Quando a herança encontra novos hábitos de consumo na Geração Z

É aqui que o tema se torna particularmente relevante para empresas e decisores políticos. Se jovens adultos passarem, de repente, a gerir montantes elevados e, ao mesmo tempo, tiverem valores diferentes dos dos pais, sectores inteiros podem ser reconfigurados.

Possíveis vencedores desta transição:

  • indústria das viagens e do lazer
  • ofertas de health e wellness, de cadeias de ginásio a start-ups de mental health
  • gigantes tecnológicos, plataformas e serviços de streaming
  • marcas de moda e cosmética sustentáveis
  • fintechs que simplificam investir e pagar

Do outro lado, podem perder terreno os luxos mais tradicionais ou bancos que continuam presos a balcões, formulários em papel e processos de aconselhamento complexos.
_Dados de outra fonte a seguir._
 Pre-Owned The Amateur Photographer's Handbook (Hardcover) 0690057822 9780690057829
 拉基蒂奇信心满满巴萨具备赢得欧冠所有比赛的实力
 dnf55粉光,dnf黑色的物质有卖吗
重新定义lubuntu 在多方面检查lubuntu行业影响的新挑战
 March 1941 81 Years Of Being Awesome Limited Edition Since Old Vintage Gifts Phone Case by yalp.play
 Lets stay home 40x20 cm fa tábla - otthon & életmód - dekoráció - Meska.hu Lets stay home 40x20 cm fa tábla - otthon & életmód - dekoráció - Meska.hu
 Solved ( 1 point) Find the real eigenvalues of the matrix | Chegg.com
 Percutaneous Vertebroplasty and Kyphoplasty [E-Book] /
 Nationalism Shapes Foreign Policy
Para este público, a tolerância à fricção é baixa: a atenção é curta e a exigência de simplicidade é muito elevada.

Porque é que a crítica aos “jovens preguiçosos” falha o alvo

Em paralelo ao debate sobre riqueza, circula outra narrativa: a de que a Geração Z não quer trabalhar, não lida bem com hierarquias e não respeita horários clássicos de escritório. Vários inquéritos sugerem algo diferente.

Há muitos jovens com forte disponibilidade para produzir, mas que colocam questões de sentido. Empregos mal pagos e sem perspectiva deixaram de ser aceitáveis. Aos mais velhos, isto pode parecer comodismo; na prática, é muitas vezes o resultado de gerações mais qualificadas e com maior exigência de autonomia.
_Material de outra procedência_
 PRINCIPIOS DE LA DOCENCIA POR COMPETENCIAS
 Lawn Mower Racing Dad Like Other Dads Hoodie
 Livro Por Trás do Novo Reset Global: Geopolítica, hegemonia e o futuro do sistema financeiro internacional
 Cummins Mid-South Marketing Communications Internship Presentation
"Quem organiza o seu dia de trabalho de forma mais consciente não abdica automaticamente de desempenho - apenas exige condições mais justas."

A qualificação elevada tende a compensar no longo prazo. Quanto maior for o número de pessoas bem formadas activas no mercado de trabalho, maior será o potencial de inovação, criação de empresas e aumento de rendimentos - mais uma peça no processo de construção de património nos próximos anos.
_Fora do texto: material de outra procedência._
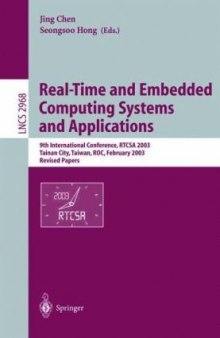 Real-Time and Embedded Computing Systems and Applications: 9th International Conference, RTCSA 2003, Tainan City, Taiwan, February 18-20, 2003. Revised Papers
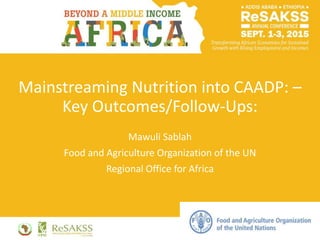 Mainstreaming Nutrition into CAADP: –
Key Outcomes/Follow-Ups:
Mawuli Sablah
Food and Agriculture Organization of the UN
Regional Office for Africa
 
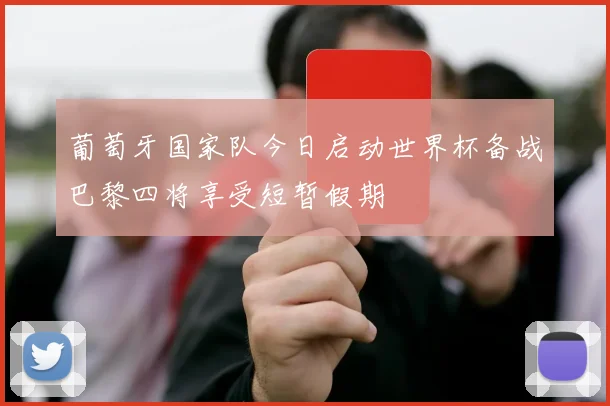 葡萄牙国家队今日启动世界杯备战巴黎四将享受短暂假期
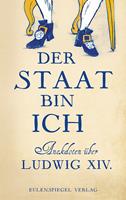   Der Staat bin ich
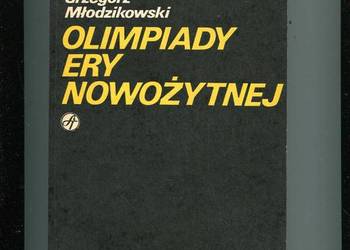 Olimpiady ery nowożytnej Idea i rzeczywistość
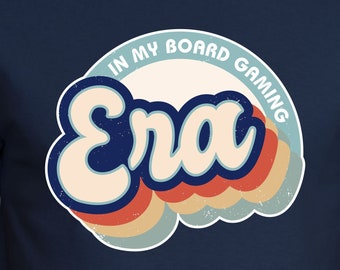 In My Board Gaming Era Men's / Unisex T-shirt | colourful cool vingage board game t-shirts for board game geeks retro modern gaming fanatics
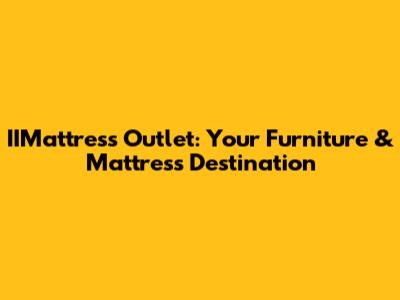 IIMattress Outlet: Your Furniture & Mattress Destination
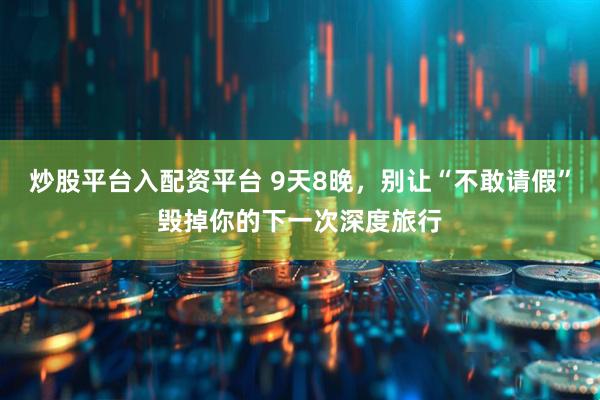 炒股平台入配资平台 9天8晚，别让“不敢请假”毁掉你的下一次深度旅行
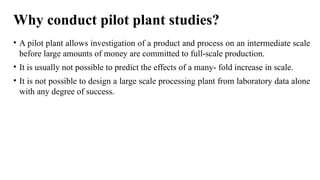 Why conduct pilot plant studies?
• A pilot plant allows investigation of a product and process on an intermediate scale
before large amounts of money are committed to full-scale production.
• It is usually not possible to predict the effects of a many- fold increase in scale.
• It is not possible to design a large scale processing plant from laboratory data alone
with any degree of success.
 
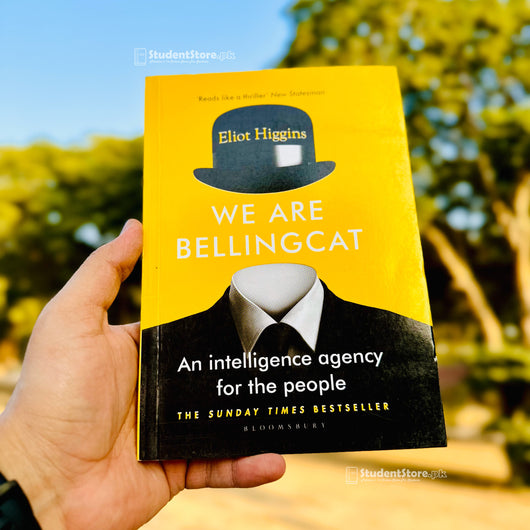 We Are Bellingcat: An Intelligence Agency for the People by Eliot Higgins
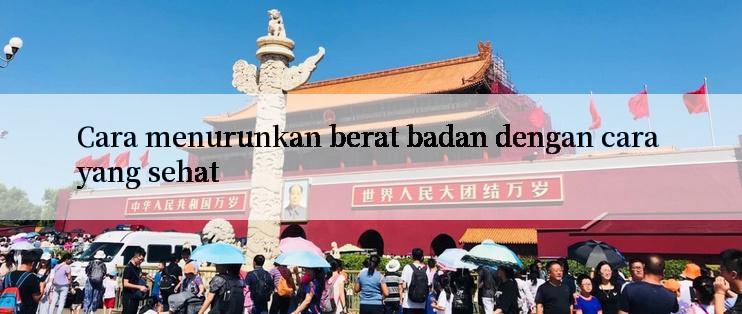 Cara menurunkan berat badan dengan cara yang sehat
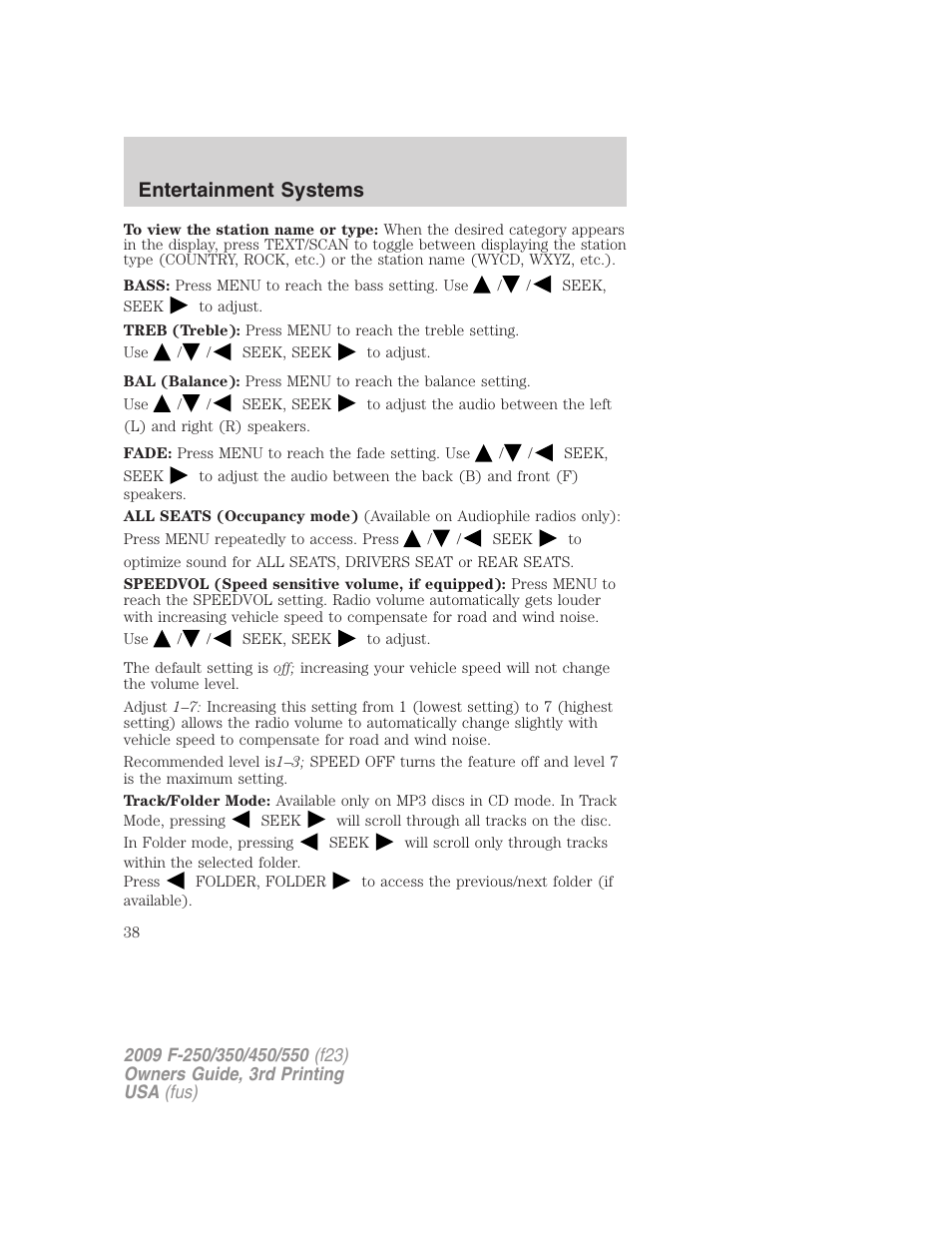 Entertainment systems | FORD 2009 F-550 v.3 User Manual | Page 38 / 419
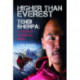 Higher than Everest: Tendi Sherpa: A Lifetime of Climbing the World
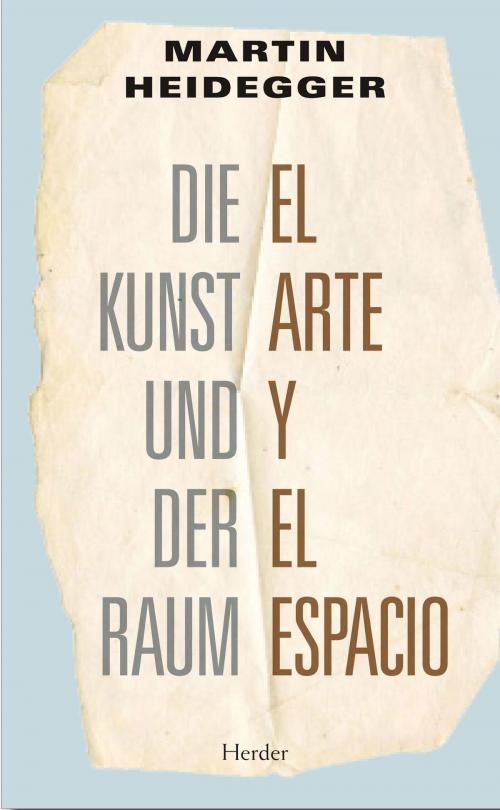 Cover of the book El arte y el espacio by Martin Heidegger, Herder Editorial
Riscos: quem fica de fora na Grande Transferência de Património

Por muito optimistas que pareçam algumas projecções, elas não se aplicam a toda a gente. A herança é distribuída de forma extremamente desigual. Quem vem de famílias sem imóveis ou poupanças começa, mesmo com uma excelente formação, em clara desvantagem.

Acresce o risco de parte do património ser consumido antes da transição efectiva - por custos de cuidados na velhice, despesas médicas ou investimentos falhados. A política fiscal também pode redireccionar uma fatia relevante, por exemplo através de impostos sobre heranças e doações.

Para os jovens, isto significa que esperar por uma herança não é um plano. Quem quiser liberdade financeira no futuro precisa de estratégias próprias, tais como:

  • começar a investir cedo, por exemplo com fundos amplamente diversificados
  • planear o orçamento com clareza, mesmo com rendimentos instáveis
  • desenvolver literacia financeira para evitar armadilhas de endividamento
  • manter uma carreira flexível, incluindo projectos paralelos e formação contínua

O que sobra de concreto para a Geração Z - apesar dos números recorde

Independentemente das previsões de milhares de milhões, o dia-a-dia continua difícil para muitos. Um extracto bancário que, após renda, electricidade, passe e compras, fica quase vazio não parece mais rico só porque, daqui a décadas, poderá existir uma montanha global de património à espera.

Ao mesmo tempo, a compra potencial desta geração dá-lhe uma posição de força: enquanto consumidores, eleitores e trabalhadores, os jovens podem aumentar a pressão sobre empresas e governos - em direcção a melhores condições de trabalho, habitação acessível e uma economia mais sustentável.

Expressões como “transferência de património” ou “geração mais rica” soam grandiosas e abstractas. No entanto, escondem perguntas muito concretas: quem terá influência no futuro? Quem decide para onde vão enormes somas de dinheiro? E quem, mesmo com números recorde, continuará de fora?

É exactamente nessa fronteira que a Geração Z se movimenta: hoje luta por contratos de arrendamento e remuneração justa; amanhã participa na decisão sobre como será usado o maior património herdado da história - para consumo pessoal, para especulação ou, talvez, com maior peso para projectos sociais e ecológicos.